At the conference and in the commission set up to examine the form of organisation of the leading Party bodies, consisting of representatives of the nine largest Parties and of the Young Communist International, the question of the system of the functionaries gave rise to a very heated discussion. With the exception of the representatives of the Communist Party of Germany who proposed that the meeting of functionaries be given the right to decide questions, everybody came to the conclusion that the existence of the system of functionaries in its present form was harmful.
In its resolution, which was endorsed by the Enlarged Plenum, the Conference on Organisation did not object, but even recommended to the local Party bodies to convene conferences of secretaries or of nucleus committees, of secretaries or fraction committees in mass labour and peasant organisations, or of comrades managing any particular branch of Party work, to discuss Party, trade union, cooperative, questions or campaigns; but it opposed the present system of functionaries and strongly objected to substituting district or town conferences by meetings of functionaries. The resolution recommends that periodical district or town Party conferences be called and that the agenda of such conferences be preliminary discussed in the nuclei, after which the latter are to elect delegates to the Party Conference.

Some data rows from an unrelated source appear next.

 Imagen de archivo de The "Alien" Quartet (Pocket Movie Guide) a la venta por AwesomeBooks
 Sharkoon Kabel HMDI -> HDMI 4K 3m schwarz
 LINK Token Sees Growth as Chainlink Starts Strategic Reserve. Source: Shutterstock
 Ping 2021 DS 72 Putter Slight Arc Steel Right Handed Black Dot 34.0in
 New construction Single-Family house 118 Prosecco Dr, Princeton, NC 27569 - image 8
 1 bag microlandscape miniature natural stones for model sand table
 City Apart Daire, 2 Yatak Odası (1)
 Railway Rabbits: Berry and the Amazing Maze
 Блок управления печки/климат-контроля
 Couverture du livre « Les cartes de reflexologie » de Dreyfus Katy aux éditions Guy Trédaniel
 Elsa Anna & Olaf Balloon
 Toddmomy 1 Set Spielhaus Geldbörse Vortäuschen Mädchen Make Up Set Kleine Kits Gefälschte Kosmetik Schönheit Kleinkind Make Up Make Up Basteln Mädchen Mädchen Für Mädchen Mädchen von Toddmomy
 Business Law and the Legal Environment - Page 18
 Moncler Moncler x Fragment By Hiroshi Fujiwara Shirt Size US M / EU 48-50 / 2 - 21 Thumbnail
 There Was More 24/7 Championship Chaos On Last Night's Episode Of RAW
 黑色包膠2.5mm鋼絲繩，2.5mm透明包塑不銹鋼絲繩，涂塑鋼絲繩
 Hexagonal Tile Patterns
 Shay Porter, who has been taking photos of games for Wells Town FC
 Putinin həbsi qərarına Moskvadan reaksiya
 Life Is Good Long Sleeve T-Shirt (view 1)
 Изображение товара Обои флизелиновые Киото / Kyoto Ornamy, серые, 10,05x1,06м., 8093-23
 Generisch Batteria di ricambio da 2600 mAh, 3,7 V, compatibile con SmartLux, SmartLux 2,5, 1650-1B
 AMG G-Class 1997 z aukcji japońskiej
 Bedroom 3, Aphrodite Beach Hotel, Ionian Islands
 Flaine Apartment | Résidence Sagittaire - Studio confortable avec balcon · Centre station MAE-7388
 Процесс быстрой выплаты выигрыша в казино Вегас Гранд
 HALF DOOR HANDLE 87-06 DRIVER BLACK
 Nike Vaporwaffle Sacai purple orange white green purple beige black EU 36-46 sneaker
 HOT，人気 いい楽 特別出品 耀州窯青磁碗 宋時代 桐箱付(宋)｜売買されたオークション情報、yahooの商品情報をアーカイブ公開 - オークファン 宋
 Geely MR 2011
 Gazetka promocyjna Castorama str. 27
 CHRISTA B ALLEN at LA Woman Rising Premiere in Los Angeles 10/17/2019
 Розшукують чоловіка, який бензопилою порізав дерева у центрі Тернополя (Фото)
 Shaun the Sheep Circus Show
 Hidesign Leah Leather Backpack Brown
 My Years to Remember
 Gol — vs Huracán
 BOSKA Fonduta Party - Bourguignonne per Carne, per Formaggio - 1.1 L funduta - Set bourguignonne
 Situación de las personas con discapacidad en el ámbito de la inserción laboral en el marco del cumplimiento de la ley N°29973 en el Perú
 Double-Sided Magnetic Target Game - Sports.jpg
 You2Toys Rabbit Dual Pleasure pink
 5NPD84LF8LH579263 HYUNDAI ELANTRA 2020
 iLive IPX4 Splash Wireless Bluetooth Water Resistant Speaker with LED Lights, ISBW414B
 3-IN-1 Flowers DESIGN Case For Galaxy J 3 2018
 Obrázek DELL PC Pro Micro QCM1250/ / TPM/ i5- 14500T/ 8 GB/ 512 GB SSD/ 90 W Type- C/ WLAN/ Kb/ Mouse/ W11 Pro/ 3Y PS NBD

Factory Nucleus Newspapers.
Factory nucleus newspapers rapidly became popular in Western Europe. In Germany more than 1,000 are published and in France, nearly 500. Such newspapers are also published in Czecho-Slovakia, Austria, England and in other countries. The factory newspapers in the West differ from the factory newspapers published in Russia, in that the latter are wall newspapers, while in the West, it is not possible to display these newspapers on the factory walls. Consequently, they are published illegally, in various ways (on mimeographs, typewriters and sometimes printed) in hundreds and sometimes in thousands of copies and distributed among the workers in the factory. In most cases these newspapers are got up exclusively by the efforts of the members of the nucleus. Some of the newspapers contain very interesting drawings and cartoons. The nucleus newspaper has become an inseparable part of nucleus work and it has become the principal medium through which the nucleus exercises its influence upon the workers in the factory in which the nucleus cannot act openly. In Italy, the Party Committees, instead of factory newspapers, publish small leaflets dealing with important questions which have considerable influence upon the workers. Many of the factory newspapers still suffer from numerous defeats. Some are devoted exclusively to politics and repeat what has been said already in the Party daily, while others are devoted exclusively to affairs connected with the factory, without linking them up with the slogans of the Party. The Conference on Organisation passed a resolution on factory nuclei newspapers recommending the Parties to continue publishing such newspapers and making it obligatory for the secretaries of district Party committees, or the agitation and propaganda departments of these committees, to devote serious attention to these newspapers and keep them well instructed. The resolution points out the good and bad sides of the newspapers already published.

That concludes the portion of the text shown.